Records for the exercise:
BEGIN

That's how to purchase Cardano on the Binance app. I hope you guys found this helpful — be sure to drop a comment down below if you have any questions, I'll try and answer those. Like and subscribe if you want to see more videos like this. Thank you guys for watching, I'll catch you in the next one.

END
BEGIN

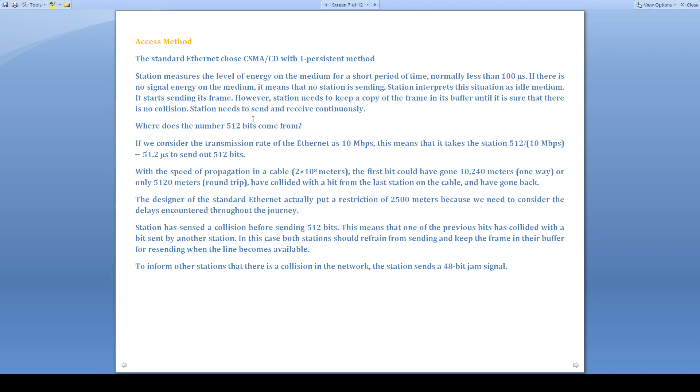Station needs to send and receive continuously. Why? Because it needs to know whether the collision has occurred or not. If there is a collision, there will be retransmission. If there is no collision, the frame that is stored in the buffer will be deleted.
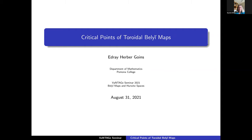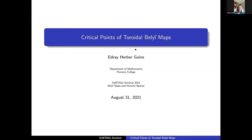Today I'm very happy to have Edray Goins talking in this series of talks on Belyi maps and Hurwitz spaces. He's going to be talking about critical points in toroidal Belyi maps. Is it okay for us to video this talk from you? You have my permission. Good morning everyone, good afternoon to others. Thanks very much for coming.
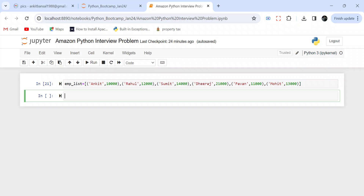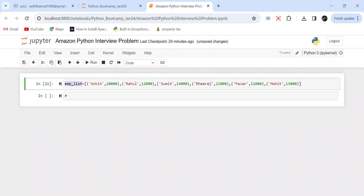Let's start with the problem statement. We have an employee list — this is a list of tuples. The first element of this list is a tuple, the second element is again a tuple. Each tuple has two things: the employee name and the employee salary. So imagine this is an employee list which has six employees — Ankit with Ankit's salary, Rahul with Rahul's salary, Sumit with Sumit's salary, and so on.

END
BEGIN

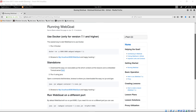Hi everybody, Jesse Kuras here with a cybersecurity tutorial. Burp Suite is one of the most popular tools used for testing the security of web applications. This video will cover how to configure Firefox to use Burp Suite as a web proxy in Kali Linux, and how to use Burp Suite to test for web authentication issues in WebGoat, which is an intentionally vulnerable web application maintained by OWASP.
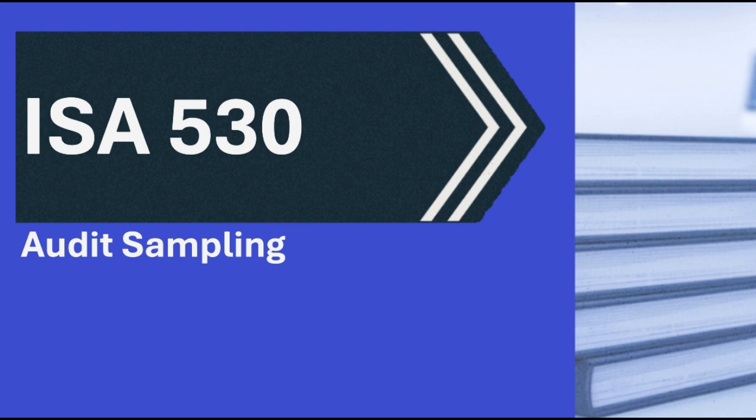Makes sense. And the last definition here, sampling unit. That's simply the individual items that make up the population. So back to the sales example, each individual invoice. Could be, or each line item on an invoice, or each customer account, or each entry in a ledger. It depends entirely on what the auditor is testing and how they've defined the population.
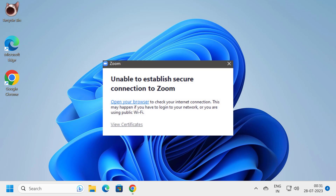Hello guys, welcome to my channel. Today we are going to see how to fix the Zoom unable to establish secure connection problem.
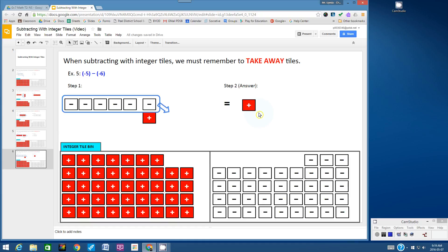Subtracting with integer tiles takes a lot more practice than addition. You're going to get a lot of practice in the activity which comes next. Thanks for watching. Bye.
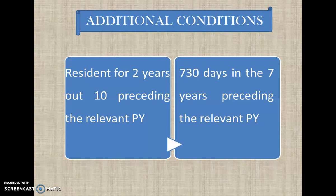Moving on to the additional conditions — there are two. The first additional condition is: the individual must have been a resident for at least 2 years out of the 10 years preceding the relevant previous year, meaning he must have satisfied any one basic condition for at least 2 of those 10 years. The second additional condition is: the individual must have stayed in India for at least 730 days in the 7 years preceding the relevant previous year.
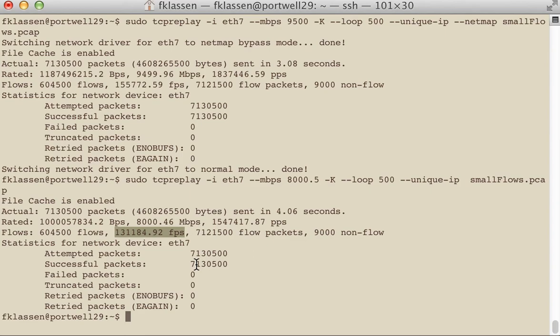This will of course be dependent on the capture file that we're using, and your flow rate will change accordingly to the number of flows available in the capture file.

END

Problem requirements:
Using the data above, return the lines from the one holding "Makes sense. And" through the one holding "This will of" exactly, but not the pictures.

Response for this exercise:
Makes sense. And the last definition here, sampling unit. That's simply the individual items that make up the population. So back to the sales example, each individual invoice. Could be, or each line item on an invoice, or each customer account, or each entry in a ledger. It depends entirely on what the auditor is testing and how they've defined the population.
Hello guys, welcome to my channel. Today we are going to see how to fix the Zoom unable to establish secure connection problem.
Subtracting with integer tiles takes a lot more practice than addition. You're going to get a lot of practice in the activity which comes next. Thanks for watching. Bye.
Moving on to the additional conditions — there are two. The first additional condition is: the individual must have been a resident for at least 2 years out of the 10 years preceding the relevant previous year, meaning he must have satisfied any one basic condition for at least 2 of those 10 years. The second additional condition is: the individual must have stayed in India for at least 730 days in the 7 years preceding the relevant previous year.
This will of course be dependent on the capture file that we're using, and your flow rate will change accordingly to the number of flows available in the capture file.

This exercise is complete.